Marines in front of a Japanese cave dug into the rock, February 23, 1945
From February 19 to March 26, the US Marine Corps, Air Force and the US Navy fought to capture Iwo Jima and its strategic base in a string of islands leading to mainland Japan. During this brutal thirty-six days of fighting on the island, nearly 7,000 U.S. Marines gave their lives. Another 20,000 were wounded. Marines captured 216 Japanese soldiers; the rest were killed in action. That made for roughly one Marine or corpsman becoming a casualty for every three who landed on Iwo Jima. Eleven of the men who fought there would be given the Medal of Honor. It was the bloodiest battle in Marine Corps history up to that point and was the stepping stone towards victory in Japan. The island was finally declared secured on March 26, 1945 and afterwards provided an emergency landing field for crippled bombers returning from their bombing raids on Japan, and an advance base for the shorter-ranged escort fighters.

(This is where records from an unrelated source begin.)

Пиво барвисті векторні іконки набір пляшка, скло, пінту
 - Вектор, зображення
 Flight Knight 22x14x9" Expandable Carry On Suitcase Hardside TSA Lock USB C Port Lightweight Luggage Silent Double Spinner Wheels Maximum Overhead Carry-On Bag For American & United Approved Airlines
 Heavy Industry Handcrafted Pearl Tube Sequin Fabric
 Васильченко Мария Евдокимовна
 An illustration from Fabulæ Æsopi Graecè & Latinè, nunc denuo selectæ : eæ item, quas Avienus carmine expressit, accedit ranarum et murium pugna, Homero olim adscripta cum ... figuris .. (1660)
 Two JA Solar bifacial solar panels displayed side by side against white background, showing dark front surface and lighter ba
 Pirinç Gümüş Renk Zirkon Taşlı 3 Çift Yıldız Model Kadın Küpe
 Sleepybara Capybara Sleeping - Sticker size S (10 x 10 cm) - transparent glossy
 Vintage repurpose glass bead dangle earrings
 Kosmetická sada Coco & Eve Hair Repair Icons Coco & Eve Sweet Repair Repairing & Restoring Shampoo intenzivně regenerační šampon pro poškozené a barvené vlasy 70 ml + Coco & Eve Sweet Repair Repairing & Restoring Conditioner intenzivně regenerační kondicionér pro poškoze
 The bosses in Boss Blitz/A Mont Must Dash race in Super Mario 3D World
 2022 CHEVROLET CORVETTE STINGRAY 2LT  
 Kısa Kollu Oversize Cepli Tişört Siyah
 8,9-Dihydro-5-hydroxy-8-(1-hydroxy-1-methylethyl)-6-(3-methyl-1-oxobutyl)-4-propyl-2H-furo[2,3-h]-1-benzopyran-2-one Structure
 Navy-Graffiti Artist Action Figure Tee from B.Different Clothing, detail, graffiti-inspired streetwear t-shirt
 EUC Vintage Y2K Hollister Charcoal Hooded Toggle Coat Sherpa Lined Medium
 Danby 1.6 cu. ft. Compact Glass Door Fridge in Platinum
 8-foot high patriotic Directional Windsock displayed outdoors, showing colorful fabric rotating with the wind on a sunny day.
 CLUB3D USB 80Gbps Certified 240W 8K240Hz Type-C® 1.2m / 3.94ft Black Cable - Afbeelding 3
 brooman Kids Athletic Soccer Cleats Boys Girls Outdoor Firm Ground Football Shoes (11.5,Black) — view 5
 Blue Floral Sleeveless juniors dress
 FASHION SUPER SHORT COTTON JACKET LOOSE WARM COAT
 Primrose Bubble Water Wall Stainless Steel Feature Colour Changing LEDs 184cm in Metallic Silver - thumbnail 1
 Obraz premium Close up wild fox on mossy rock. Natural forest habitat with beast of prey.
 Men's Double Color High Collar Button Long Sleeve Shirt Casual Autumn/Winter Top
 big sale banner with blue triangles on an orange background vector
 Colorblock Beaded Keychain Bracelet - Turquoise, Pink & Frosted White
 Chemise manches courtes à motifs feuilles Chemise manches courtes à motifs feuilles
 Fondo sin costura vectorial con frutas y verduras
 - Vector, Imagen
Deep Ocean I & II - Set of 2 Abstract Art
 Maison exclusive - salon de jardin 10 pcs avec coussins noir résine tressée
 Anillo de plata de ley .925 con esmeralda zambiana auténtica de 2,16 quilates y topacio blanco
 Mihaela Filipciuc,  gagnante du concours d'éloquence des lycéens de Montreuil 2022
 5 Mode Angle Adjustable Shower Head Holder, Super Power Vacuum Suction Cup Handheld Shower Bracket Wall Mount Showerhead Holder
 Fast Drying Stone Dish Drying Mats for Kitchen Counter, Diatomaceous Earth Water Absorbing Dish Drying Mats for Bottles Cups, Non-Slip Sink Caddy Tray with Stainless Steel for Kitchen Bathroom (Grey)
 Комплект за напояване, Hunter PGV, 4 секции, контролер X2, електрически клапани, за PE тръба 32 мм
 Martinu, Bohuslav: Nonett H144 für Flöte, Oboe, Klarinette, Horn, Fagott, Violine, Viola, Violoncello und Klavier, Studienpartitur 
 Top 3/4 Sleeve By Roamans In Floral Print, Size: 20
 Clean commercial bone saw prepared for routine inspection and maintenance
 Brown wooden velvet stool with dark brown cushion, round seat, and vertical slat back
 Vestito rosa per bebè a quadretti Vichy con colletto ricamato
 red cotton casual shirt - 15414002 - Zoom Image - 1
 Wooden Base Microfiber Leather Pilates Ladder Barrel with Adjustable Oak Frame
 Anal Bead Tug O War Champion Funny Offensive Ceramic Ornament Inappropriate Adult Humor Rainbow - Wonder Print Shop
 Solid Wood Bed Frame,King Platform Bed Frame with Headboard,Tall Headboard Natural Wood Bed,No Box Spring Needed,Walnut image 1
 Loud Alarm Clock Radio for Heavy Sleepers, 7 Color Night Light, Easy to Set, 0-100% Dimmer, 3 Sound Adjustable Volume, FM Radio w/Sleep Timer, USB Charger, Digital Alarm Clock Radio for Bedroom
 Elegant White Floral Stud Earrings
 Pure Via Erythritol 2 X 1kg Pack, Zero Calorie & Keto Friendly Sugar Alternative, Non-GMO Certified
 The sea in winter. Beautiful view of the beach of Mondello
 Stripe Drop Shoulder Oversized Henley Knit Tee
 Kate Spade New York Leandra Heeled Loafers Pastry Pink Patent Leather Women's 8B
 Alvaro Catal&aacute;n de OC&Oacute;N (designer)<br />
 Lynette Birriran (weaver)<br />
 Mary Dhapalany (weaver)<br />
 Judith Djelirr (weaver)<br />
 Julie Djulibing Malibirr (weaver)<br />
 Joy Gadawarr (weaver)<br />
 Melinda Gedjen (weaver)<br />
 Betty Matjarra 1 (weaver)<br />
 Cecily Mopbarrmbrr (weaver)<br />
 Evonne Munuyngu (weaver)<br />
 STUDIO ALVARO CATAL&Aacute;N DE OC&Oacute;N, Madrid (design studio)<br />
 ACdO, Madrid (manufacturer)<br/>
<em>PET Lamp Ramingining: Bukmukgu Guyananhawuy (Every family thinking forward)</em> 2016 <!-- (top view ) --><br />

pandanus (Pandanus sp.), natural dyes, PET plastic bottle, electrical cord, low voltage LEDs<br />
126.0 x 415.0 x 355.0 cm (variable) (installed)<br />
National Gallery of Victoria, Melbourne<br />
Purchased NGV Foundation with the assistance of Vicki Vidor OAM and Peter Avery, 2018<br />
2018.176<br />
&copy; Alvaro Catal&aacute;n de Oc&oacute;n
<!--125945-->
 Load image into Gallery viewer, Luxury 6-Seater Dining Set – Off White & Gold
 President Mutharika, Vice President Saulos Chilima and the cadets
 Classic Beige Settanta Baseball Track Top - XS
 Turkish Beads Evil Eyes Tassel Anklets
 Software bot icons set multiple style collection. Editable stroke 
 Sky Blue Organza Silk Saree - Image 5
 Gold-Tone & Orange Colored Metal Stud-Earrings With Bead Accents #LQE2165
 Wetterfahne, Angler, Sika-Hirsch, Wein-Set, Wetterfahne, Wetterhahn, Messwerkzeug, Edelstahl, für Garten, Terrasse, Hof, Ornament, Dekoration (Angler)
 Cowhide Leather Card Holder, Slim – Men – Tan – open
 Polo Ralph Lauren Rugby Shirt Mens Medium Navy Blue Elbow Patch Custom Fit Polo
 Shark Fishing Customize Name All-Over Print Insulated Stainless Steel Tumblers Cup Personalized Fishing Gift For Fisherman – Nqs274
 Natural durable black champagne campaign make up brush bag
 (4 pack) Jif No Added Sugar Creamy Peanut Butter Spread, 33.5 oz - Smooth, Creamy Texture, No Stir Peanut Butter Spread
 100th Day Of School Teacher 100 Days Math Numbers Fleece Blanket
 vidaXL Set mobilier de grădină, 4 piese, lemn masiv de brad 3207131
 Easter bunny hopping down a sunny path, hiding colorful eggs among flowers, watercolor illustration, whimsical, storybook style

An aerial view of the island of Iwo Jima (with Mt. Suribachi in the foreground) shows the pre-landing bombardment beginning on the beach, February 17, 1945
US Marine casualties are laid out on the beach while the battle still rages miles away
Three days into the conflict, prestigious War Correspondent Ernie Pyle reported this back home to the families of the men engaged:
“You may wonder why we have American troops at all here in the Marianas Islands, since we are 1500 miles away from the Philippines, China, or Japan itself. Well, it’s because in this Pacific war of vast water distances, we have to make gigantic bases of each group of islands we take, in order to build up supplies and preparations for future invasions farther on. The Marianas happen to be a sort of crossroads in the Western Pacific. Stuff can go either west or north from here. Whoever sits in the Marianas can have his finger on the whole web of the war. Thus the Marianas are becoming a heart of the Pacific war. Our naval and military leaders make no bones about it, for the Japs know it anyhow, but they’re too far away to do anything about it.”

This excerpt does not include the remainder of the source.